[Stored items]
━━━━━━━━━━━━━━━━━━━━━━━━━━━━━━

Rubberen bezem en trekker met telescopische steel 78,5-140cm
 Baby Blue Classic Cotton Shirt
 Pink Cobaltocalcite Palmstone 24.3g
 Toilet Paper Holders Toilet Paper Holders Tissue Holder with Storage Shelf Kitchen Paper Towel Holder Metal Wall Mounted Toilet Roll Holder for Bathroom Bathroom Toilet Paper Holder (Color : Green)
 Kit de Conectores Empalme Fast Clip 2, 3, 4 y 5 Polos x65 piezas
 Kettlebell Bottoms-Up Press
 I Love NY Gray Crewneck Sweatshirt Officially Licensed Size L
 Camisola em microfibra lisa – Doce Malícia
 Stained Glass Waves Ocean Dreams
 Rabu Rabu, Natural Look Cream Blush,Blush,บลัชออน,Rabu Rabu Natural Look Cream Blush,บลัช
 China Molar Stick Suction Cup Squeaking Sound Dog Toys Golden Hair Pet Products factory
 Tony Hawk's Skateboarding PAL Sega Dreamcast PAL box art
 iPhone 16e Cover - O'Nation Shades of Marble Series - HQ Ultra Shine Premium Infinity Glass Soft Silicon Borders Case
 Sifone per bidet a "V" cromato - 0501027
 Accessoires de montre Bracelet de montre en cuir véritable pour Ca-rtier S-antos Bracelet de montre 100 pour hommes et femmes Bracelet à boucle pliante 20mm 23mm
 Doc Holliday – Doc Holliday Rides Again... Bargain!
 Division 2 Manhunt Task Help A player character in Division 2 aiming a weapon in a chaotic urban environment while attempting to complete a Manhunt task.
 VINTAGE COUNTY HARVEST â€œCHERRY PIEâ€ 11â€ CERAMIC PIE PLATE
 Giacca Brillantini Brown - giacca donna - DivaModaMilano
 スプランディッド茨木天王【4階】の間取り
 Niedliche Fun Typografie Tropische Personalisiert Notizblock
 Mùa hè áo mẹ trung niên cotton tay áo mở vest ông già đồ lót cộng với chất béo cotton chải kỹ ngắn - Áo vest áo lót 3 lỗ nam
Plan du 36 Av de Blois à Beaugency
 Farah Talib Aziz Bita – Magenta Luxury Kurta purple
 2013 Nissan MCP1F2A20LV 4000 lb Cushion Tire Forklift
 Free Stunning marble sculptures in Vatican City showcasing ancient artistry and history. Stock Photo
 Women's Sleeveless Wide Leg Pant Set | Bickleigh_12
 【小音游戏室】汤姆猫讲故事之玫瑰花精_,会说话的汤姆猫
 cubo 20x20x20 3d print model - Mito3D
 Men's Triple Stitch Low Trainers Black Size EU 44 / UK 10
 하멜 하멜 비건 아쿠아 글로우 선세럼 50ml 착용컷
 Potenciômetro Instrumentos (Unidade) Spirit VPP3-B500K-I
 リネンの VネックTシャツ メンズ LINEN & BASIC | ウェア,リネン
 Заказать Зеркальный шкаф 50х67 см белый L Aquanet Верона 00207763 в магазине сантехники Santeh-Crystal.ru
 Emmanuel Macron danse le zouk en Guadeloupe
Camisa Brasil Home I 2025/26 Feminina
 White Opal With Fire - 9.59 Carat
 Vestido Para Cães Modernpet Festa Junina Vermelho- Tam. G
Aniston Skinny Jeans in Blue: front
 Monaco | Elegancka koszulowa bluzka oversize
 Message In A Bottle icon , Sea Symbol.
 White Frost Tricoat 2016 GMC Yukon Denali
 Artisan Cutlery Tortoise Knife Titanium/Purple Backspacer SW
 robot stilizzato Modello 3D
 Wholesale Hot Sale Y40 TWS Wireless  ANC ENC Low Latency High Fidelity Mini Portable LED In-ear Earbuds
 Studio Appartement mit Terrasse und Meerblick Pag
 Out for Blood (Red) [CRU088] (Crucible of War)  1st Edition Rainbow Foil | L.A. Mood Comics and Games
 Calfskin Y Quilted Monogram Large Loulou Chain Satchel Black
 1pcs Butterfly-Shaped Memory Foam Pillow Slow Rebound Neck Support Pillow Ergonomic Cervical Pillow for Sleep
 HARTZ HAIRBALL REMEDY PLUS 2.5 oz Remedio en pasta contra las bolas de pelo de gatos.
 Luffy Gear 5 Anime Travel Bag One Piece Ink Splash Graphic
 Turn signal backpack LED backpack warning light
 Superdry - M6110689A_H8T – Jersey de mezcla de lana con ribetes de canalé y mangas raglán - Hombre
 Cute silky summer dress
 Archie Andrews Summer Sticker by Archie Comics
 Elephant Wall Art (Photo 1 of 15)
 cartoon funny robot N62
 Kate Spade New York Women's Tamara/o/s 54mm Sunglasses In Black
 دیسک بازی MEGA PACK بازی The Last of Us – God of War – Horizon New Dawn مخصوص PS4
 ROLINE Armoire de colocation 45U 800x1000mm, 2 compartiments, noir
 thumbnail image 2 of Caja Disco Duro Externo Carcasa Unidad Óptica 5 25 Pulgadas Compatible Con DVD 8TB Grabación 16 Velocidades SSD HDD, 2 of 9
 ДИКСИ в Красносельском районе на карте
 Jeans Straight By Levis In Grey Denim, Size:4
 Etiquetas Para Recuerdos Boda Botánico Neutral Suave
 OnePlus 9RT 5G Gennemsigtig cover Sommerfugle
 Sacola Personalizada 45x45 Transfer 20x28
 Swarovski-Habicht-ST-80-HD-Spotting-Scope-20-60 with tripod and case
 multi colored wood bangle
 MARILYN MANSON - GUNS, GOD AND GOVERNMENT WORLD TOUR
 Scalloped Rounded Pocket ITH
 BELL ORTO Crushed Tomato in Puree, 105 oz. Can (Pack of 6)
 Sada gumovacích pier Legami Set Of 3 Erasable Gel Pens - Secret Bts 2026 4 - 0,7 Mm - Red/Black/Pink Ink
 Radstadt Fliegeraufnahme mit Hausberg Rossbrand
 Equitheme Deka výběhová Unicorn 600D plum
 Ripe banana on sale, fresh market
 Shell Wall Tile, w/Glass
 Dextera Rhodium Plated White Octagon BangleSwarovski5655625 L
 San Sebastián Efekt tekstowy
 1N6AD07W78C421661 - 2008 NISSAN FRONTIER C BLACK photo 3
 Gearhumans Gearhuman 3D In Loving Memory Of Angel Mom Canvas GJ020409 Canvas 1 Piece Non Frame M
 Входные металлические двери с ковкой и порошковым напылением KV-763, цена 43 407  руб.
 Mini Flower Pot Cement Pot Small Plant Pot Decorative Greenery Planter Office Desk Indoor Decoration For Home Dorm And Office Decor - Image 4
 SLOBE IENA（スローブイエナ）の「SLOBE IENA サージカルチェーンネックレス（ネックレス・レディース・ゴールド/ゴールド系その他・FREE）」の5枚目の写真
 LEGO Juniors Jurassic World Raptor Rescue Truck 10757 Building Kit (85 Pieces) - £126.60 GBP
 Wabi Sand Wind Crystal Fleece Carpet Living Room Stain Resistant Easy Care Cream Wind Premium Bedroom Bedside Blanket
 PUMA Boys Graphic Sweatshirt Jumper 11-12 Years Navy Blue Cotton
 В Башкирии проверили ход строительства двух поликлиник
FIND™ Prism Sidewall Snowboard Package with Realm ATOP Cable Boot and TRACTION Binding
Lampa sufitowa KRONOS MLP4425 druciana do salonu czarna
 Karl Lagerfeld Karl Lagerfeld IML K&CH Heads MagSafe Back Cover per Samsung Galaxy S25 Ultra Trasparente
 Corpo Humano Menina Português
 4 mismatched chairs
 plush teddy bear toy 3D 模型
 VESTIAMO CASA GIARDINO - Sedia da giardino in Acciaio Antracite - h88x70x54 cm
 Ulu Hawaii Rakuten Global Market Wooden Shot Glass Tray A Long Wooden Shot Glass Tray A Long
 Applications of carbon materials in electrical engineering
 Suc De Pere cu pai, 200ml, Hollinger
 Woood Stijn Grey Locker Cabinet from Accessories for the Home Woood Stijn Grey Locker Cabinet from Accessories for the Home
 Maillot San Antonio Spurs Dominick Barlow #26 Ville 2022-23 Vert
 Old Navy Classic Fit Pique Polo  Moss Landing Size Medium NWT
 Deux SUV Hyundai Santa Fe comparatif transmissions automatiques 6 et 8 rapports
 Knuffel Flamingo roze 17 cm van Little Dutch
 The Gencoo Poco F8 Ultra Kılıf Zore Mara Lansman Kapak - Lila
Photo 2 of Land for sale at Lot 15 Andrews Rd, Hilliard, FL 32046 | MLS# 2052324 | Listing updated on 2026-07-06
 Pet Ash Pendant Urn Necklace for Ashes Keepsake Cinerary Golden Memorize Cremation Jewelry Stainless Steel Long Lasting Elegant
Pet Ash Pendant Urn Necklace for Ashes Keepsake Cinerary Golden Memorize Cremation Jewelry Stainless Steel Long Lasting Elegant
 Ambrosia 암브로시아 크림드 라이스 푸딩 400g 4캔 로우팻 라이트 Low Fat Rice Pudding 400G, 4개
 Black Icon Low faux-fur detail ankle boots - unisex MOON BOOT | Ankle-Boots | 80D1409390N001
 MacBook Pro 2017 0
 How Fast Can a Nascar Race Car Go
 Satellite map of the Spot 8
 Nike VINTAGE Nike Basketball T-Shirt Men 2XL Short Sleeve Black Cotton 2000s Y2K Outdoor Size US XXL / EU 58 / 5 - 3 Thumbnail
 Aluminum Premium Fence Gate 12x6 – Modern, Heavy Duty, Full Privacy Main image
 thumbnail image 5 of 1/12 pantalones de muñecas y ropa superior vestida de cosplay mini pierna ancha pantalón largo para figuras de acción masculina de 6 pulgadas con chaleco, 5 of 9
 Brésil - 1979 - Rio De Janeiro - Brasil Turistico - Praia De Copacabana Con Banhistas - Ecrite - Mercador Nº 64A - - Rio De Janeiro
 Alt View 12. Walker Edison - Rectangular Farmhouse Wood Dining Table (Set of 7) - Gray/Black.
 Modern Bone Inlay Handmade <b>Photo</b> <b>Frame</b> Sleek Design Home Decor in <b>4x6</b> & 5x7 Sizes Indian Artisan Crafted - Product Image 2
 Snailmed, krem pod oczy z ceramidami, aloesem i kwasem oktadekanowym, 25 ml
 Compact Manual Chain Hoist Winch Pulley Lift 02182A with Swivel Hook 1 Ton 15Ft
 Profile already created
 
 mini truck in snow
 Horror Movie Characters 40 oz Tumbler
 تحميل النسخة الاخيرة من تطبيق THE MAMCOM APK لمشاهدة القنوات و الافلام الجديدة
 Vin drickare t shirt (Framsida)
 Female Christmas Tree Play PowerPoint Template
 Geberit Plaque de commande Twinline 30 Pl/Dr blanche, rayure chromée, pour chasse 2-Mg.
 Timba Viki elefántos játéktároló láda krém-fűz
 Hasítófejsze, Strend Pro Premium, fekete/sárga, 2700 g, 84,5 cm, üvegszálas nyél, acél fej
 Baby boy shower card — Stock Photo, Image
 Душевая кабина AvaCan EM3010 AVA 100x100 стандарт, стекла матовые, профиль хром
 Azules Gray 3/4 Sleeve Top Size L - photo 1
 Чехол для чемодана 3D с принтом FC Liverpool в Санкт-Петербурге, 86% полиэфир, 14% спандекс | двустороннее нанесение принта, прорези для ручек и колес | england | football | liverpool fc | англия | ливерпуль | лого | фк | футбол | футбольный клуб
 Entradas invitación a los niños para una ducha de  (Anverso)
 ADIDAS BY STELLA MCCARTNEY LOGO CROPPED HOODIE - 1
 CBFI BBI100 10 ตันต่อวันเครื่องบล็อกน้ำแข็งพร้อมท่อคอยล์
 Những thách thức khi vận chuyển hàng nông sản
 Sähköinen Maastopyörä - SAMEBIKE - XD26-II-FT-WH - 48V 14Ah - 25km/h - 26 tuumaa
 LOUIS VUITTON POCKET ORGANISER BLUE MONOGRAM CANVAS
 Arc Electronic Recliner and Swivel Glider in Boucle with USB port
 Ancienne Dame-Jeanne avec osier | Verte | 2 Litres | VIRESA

━━━━━━━━━━━━━━━━━━━━━━━━━━━━━━

■ **BRIEF**: Please reproduce the lines from the line with "2013 Nissan MCP1F2A20LV" to the line with "HARTZ HAIRBALL REMEDY", both ends included, exactly as they appear above.

■ **EXERCISE RESULT**:
 2013 Nissan MCP1F2A20LV 4000 lb Cushion Tire Forklift
 Free Stunning marble sculptures in Vatican City showcasing ancient artistry and history. Stock Photo
 Women's Sleeveless Wide Leg Pant Set | Bickleigh_12
 【小音游戏室】汤姆猫讲故事之玫瑰花精_,会说话的汤姆猫
 cubo 20x20x20 3d print model - Mito3D
 Men's Triple Stitch Low Trainers Black Size EU 44 / UK 10
 하멜 하멜 비건 아쿠아 글로우 선세럼 50ml 착용컷
 Potenciômetro Instrumentos (Unidade) Spirit VPP3-B500K-I
 リネンの VネックTシャツ メンズ LINEN & BASIC | ウェア,リネン
 Заказать Зеркальный шкаф 50х67 см белый L Aquanet Верона 00207763 в магазине сантехники Santeh-Crystal.ru
 Emmanuel Macron danse le zouk en Guadeloupe
Camisa Brasil Home I 2025/26 Feminina
 White Opal With Fire - 9.59 Carat
 Vestido Para Cães Modernpet Festa Junina Vermelho- Tam. G
Aniston Skinny Jeans in Blue: front
 Monaco | Elegancka koszulowa bluzka oversize
 Message In A Bottle icon , Sea Symbol.
 White Frost Tricoat 2016 GMC Yukon Denali
 Artisan Cutlery Tortoise Knife Titanium/Purple Backspacer SW
 robot stilizzato Modello 3D
 Wholesale Hot Sale Y40 TWS Wireless  ANC ENC Low Latency High Fidelity Mini Portable LED In-ear Earbuds
 Studio Appartement mit Terrasse und Meerblick Pag
 Out for Blood (Red) [CRU088] (Crucible of War)  1st Edition Rainbow Foil | L.A. Mood Comics and Games
 Calfskin Y Quilted Monogram Large Loulou Chain Satchel Black
 1pcs Butterfly-Shaped Memory Foam Pillow Slow Rebound Neck Support Pillow Ergonomic Cervical Pillow for Sleep
 HARTZ HAIRBALL REMEDY PLUS 2.5 oz Remedio en pasta contra las bolas de pelo de gatos.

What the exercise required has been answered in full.